2. Inoculum from a liquid medium

   It is very important to have fresh growth in liquid medium (21-28 days old). Older cultures may result in unreliable susceptibility test results.

   • Transfer 2.5 ml of the culture pellet to a sterile vial containing glass beads

   • Vortex for at least 1 min until a fairly turbid suspension is obtained

   • Allow it to stand for 5 min

   • Transfer the supernatant to a new sterile vial and leave it to sediment for 15 min

   • Transfer the s upernatant to a new sterile vial

   • Compare the turbidity of the suspension using the scale McFarland 1.0 standard

   • Set the turbidity of inoculum as per McFarland 1.0 standard using 0.067 M phosphate buffer (pH 6.8)

Dilution of the inoculum

The inoculum turbidity (from liquid or solid culture) is adjusted to a McFarland tube no. 1 and further diluted to 1:10 in 0.067 M phosphate buffer (pH 6.8).

Inoculation of nitrate reductase assay tubes

• 0.2 ml of the 1:10 dilution is inoculated in three drugs free tubes (control tubes containing potassium nitrate)

• 0.2 ml of the undiluted suspension will be inoculated into the drug-containing tube.
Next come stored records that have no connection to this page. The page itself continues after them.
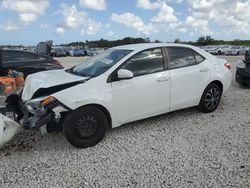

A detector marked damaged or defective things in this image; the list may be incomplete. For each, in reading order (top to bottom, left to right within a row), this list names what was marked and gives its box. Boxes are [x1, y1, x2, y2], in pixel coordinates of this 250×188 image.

damaged hood [21, 69, 88, 101]
front bumper damage [5, 94, 69, 131]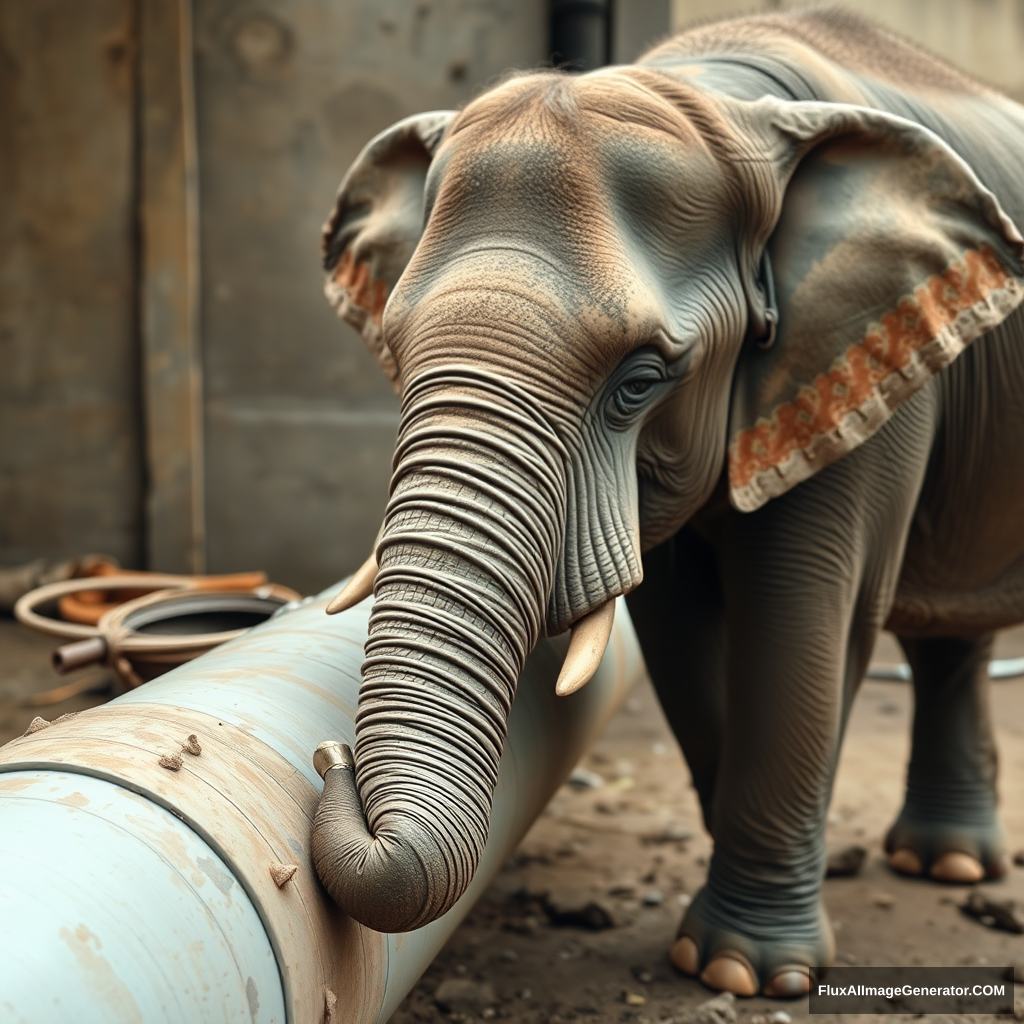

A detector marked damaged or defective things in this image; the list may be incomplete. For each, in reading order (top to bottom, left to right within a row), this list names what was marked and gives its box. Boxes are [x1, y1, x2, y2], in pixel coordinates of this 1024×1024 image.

rusty metal [0, 584, 644, 1024]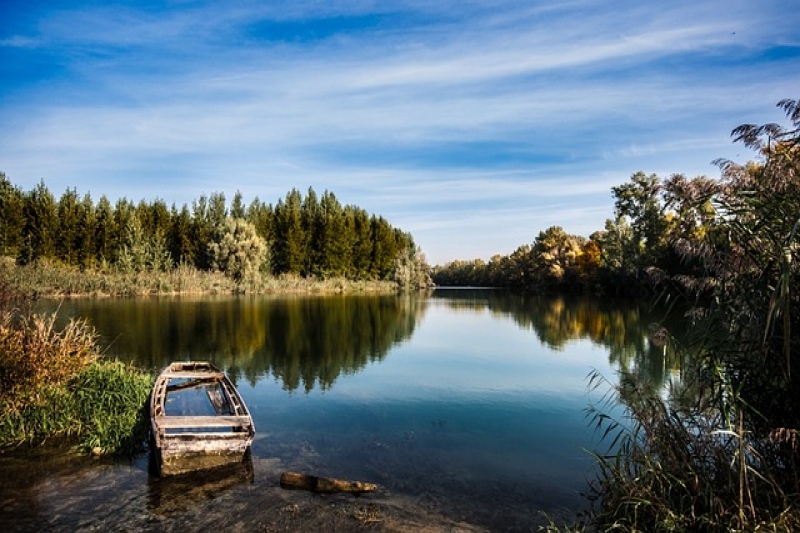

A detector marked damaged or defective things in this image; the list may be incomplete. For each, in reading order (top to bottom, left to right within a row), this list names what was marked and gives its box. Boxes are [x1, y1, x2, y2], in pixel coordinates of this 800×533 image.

broken boat plank [280, 472, 380, 492]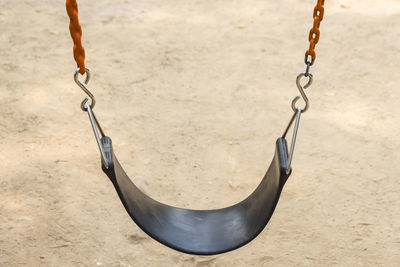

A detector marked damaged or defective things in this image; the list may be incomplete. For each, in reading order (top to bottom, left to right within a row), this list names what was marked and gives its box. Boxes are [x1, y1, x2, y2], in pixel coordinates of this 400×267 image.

rusty chain [65, 0, 85, 74]
rusty chain [306, 0, 324, 67]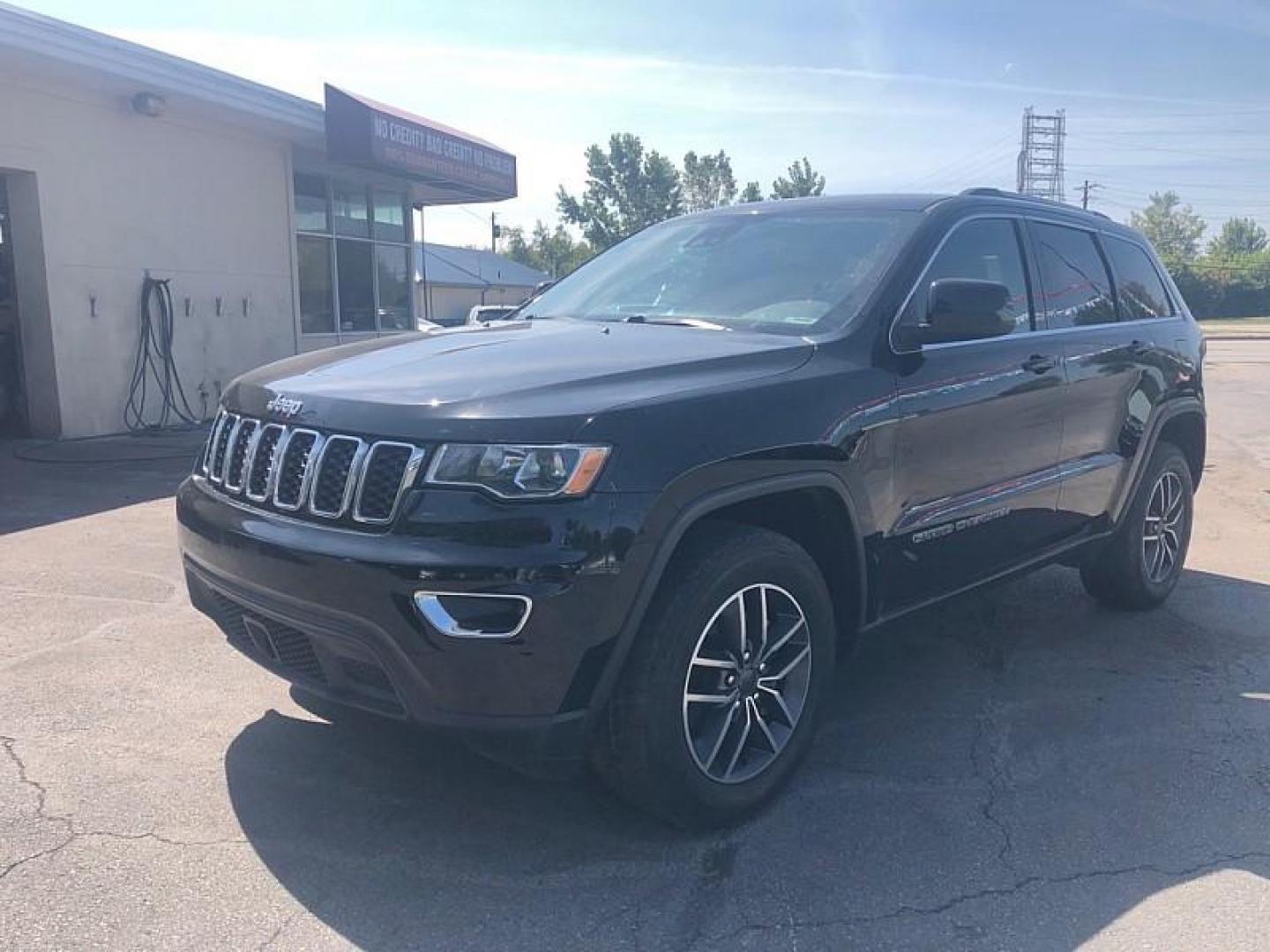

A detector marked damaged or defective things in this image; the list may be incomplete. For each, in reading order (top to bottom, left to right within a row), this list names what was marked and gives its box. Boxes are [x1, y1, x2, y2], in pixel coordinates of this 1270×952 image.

cracked asphalt [2, 338, 1270, 945]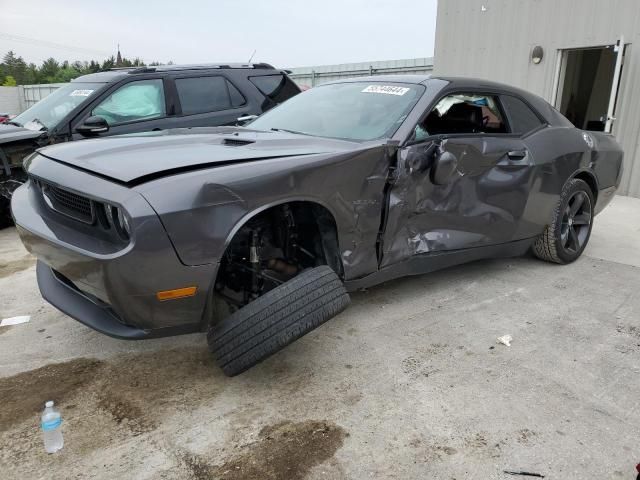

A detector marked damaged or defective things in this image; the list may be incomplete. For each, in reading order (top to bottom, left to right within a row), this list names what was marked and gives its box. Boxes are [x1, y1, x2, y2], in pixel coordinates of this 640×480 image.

crumpled hood [0, 124, 46, 144]
crumpled hood [37, 127, 360, 184]
damaged gray coupe [11, 77, 624, 376]
damaged driver door [380, 92, 536, 268]
detached tire [528, 178, 596, 264]
detached tire [208, 264, 350, 376]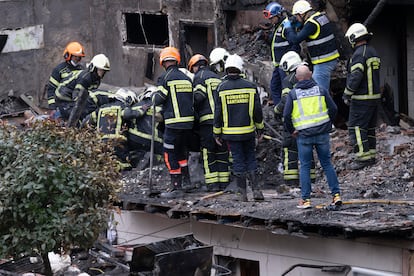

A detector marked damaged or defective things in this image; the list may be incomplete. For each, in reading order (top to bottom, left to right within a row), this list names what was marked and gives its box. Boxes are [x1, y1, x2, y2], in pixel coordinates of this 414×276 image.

broken window [123, 13, 168, 45]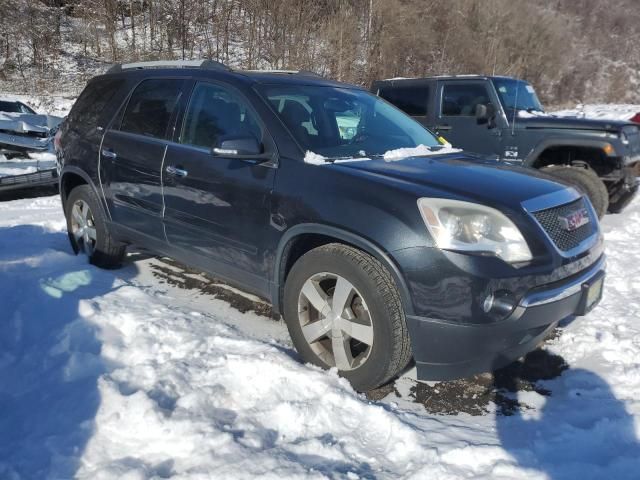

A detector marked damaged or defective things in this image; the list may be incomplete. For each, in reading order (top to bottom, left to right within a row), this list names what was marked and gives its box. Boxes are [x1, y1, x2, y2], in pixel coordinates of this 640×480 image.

damaged car [0, 98, 62, 192]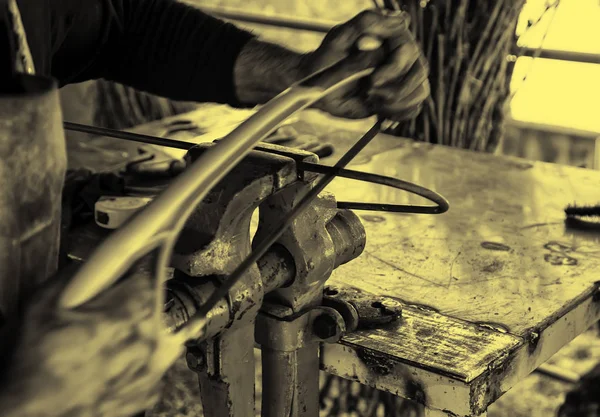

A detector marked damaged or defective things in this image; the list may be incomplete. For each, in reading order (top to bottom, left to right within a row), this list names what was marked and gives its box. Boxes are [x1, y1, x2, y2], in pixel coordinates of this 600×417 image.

rusty bolt [312, 314, 340, 340]
rusty bolt [185, 346, 206, 372]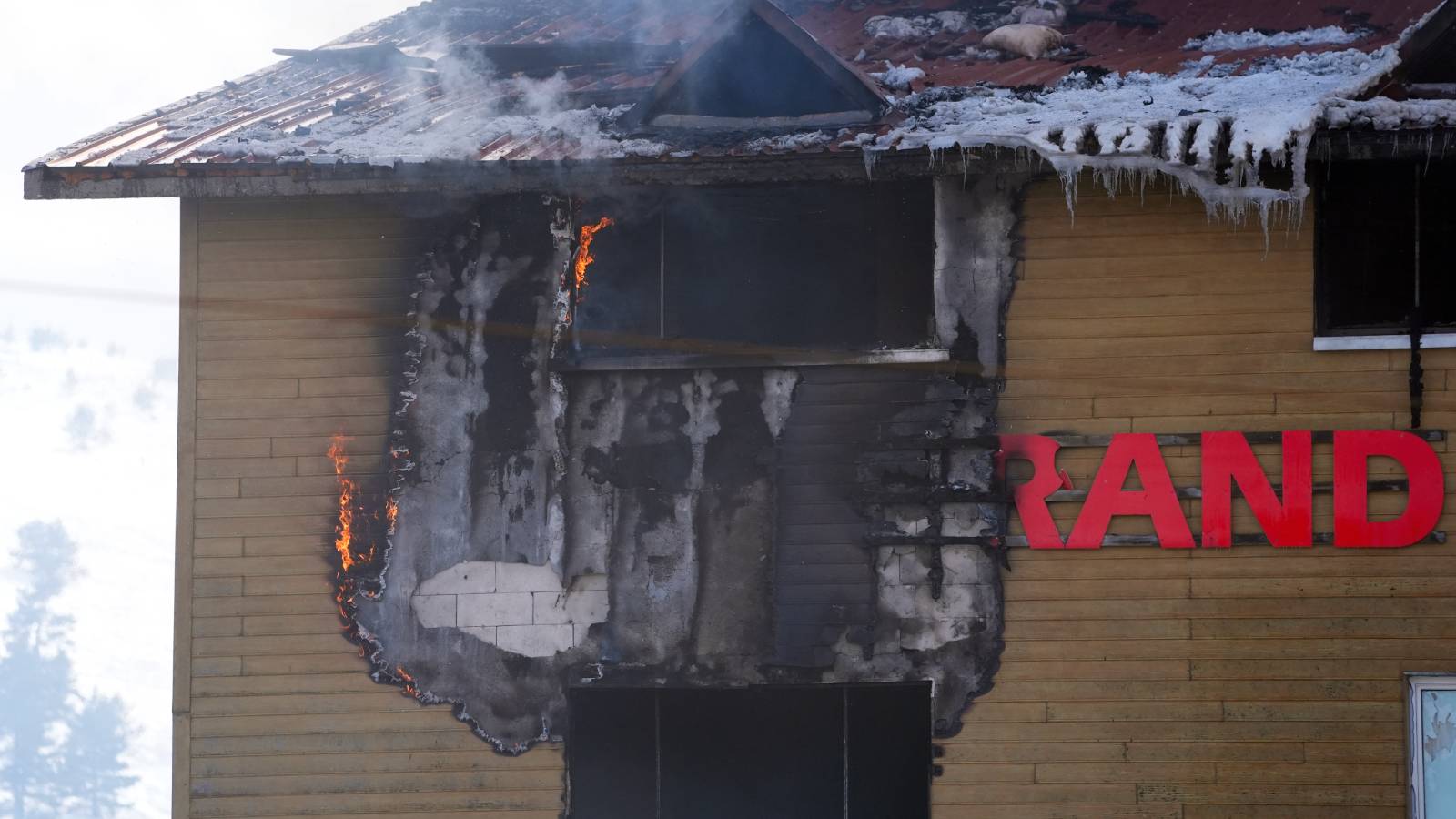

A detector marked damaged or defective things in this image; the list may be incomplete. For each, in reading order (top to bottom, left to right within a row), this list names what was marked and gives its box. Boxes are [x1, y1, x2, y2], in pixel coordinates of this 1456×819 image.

broken window [564, 181, 939, 364]
damaged window frame [557, 182, 946, 371]
broken window [1310, 162, 1456, 335]
damaged window frame [1310, 158, 1456, 349]
fire damage [324, 175, 1026, 753]
scorched wall [177, 181, 1456, 819]
broken window [564, 681, 928, 815]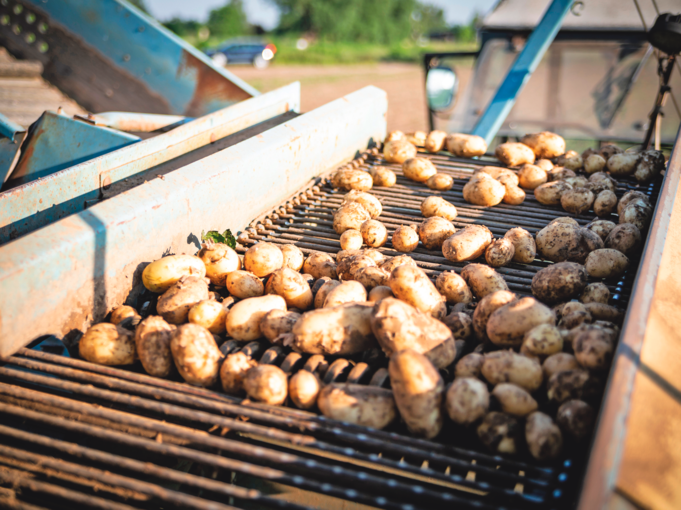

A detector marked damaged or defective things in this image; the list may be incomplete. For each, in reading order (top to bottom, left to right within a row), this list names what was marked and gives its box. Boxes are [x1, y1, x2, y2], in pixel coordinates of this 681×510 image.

rusty metal surface [0, 0, 258, 116]
rusty metal surface [0, 81, 300, 243]
rusty metal surface [0, 83, 382, 354]
rusty metal surface [576, 124, 680, 510]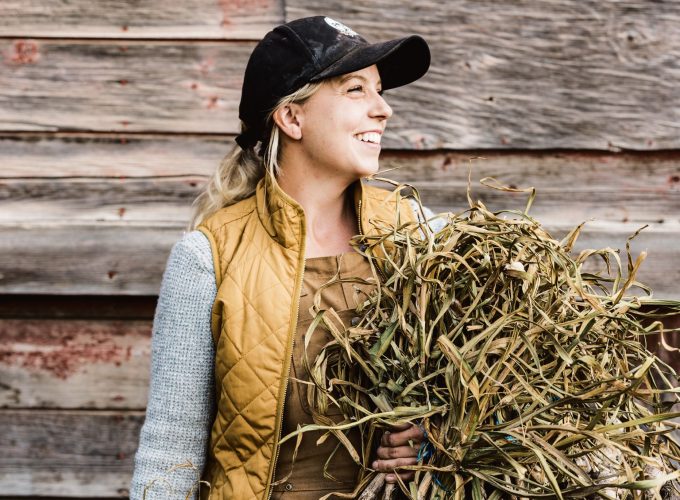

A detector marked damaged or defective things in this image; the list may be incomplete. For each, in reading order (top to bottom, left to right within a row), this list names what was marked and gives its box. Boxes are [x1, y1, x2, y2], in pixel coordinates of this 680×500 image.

rust stain on wood [5, 39, 40, 65]
rust stain on wood [0, 320, 147, 378]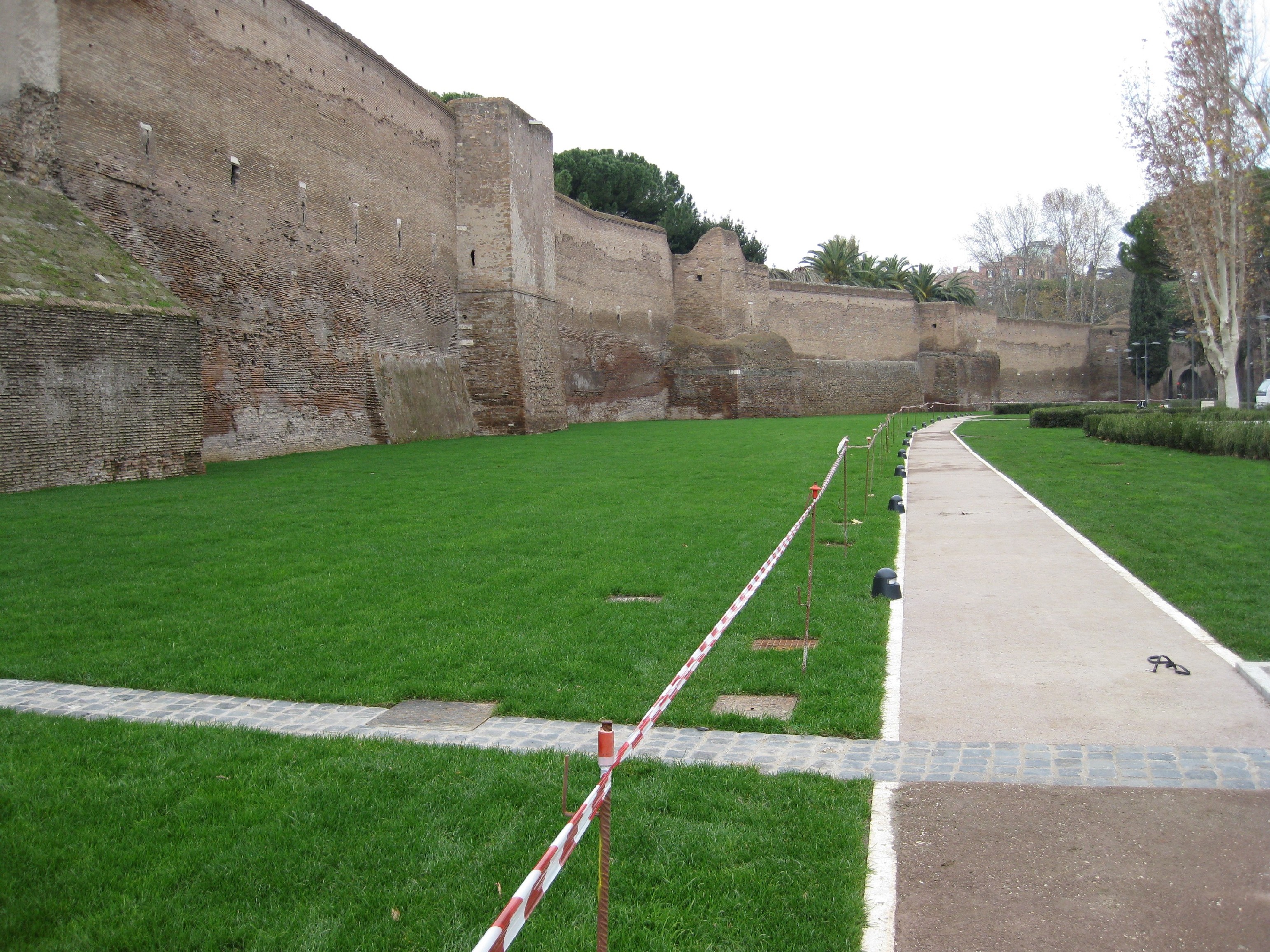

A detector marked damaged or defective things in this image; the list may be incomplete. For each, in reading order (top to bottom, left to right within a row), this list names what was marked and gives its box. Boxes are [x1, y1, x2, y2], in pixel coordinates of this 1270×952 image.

rusty metal post [802, 485, 823, 680]
rusty metal post [597, 721, 612, 952]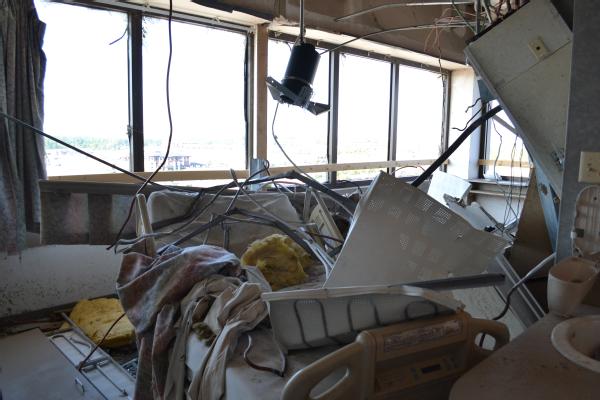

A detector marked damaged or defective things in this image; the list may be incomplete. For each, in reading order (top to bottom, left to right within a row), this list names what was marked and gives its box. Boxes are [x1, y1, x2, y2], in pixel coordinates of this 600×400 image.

torn curtain [0, 0, 46, 255]
damaged wall [0, 245, 122, 318]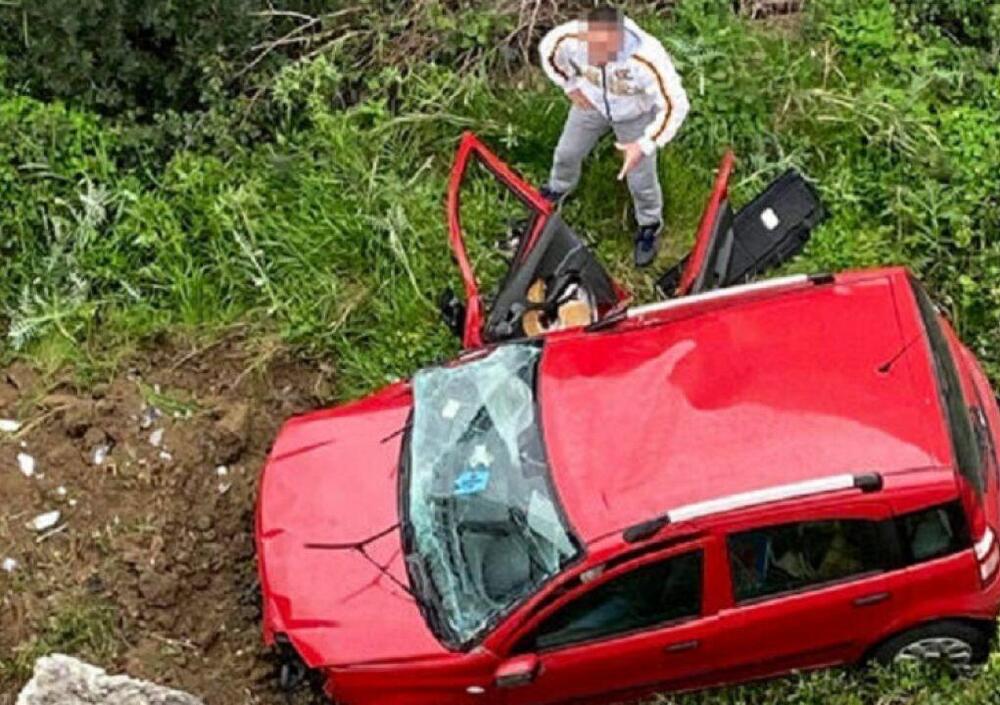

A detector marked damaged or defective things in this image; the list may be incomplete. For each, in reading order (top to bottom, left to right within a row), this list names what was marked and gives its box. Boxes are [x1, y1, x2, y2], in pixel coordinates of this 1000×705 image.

Incubate at 37°C until 7 days. (Note: Inoculation onto PNB tube is not required in case of Indirect NRA.)

Reading of tubes

Reagents mixture: One part of 50% (v/v) concentrated HCl, two parts of 0.2% (w/v) sulfanilamide, and two parts of 0.1% (w/v) n-1-naphthylethylenediamine dihydrochloride. They will be mixed shortly before use.

After 7 days of incubation, 0.5 ml of a reagent mixture will be added to one drug free tube. If any color occurs, the corresponding antibiotic containing tube will be developed by the reagent mixture. If no color change occurs, the tube will be discarded and the other tubes will be re-incubated. The procedure will be repeated at day 10 using the second growth control tube, and if necessary, also at day 14 using the third growth control tube.